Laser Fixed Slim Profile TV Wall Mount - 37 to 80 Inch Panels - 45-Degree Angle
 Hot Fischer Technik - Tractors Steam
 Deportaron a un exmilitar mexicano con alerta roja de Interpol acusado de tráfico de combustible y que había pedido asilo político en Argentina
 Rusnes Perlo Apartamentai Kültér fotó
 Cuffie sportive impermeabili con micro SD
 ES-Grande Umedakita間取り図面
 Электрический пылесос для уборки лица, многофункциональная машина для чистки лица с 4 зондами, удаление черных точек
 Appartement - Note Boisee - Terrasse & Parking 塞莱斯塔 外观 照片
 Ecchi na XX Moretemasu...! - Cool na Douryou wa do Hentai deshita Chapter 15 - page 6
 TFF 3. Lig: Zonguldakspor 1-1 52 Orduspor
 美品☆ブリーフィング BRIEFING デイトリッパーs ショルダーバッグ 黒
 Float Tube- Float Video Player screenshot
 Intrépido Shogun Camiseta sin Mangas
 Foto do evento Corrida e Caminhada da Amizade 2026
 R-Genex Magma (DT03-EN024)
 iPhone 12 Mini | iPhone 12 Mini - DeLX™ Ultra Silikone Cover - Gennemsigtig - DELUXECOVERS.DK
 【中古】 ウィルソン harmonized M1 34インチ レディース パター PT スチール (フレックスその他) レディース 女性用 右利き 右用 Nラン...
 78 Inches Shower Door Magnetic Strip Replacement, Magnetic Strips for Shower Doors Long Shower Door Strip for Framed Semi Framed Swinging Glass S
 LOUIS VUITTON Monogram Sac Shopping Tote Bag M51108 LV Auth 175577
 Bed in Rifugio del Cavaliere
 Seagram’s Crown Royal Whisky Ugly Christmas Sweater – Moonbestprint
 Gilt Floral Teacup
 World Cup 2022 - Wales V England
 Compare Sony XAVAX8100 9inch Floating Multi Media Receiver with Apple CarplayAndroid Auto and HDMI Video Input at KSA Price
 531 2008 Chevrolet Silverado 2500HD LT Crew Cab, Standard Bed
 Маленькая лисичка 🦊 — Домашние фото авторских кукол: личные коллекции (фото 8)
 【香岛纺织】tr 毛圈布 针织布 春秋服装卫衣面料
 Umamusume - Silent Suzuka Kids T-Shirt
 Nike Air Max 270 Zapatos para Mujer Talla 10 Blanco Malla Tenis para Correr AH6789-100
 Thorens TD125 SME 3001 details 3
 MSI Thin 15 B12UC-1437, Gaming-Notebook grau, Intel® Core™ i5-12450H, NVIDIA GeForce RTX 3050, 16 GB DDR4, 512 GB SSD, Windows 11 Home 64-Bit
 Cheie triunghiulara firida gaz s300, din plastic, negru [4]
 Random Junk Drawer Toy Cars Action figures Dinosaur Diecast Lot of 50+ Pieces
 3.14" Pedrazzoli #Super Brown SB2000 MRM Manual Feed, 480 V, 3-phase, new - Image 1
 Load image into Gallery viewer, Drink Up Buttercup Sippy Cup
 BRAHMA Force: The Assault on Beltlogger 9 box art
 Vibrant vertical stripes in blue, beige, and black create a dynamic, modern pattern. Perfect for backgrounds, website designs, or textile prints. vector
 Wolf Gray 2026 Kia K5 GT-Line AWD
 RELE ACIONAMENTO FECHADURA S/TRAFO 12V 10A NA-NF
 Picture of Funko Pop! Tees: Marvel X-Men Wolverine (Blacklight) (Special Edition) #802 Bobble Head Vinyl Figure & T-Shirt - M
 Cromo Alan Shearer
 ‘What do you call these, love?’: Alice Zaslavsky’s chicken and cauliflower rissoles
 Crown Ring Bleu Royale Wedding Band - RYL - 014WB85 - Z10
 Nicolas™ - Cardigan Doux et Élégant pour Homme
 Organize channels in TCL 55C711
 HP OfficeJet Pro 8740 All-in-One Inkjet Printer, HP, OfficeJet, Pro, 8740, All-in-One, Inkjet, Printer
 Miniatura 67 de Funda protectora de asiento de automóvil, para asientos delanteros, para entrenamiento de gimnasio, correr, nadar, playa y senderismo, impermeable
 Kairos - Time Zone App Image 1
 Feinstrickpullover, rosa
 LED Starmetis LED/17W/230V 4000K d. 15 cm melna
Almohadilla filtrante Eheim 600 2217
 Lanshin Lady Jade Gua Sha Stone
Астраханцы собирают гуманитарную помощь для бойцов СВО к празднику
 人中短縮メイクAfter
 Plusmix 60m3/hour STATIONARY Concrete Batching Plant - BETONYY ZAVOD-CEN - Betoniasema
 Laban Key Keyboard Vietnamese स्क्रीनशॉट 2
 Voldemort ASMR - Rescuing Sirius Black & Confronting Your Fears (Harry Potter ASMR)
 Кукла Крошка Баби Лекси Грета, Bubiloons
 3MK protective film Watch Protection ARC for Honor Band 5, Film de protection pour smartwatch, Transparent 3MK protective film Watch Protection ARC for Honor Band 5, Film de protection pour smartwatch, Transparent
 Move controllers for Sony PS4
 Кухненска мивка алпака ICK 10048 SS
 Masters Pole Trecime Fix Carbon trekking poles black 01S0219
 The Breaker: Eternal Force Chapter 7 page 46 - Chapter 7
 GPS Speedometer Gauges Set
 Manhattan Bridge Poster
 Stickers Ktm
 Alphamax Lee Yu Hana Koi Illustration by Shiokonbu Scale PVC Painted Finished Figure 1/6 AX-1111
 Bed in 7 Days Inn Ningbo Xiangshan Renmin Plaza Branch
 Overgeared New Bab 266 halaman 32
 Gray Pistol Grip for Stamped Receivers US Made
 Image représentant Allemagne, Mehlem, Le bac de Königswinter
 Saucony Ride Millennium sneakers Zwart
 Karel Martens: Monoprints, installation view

● ● ●

TASK TO COMPLETE >>
A complete answer gives every line of the data that includes "Chapter".

SOLVED PROBLEM >>
 Ecchi na XX Moretemasu...! - Cool na Douryou wa do Hentai deshita Chapter 15 - page 6
 The Breaker: Eternal Force Chapter 7 page 46 - Chapter 7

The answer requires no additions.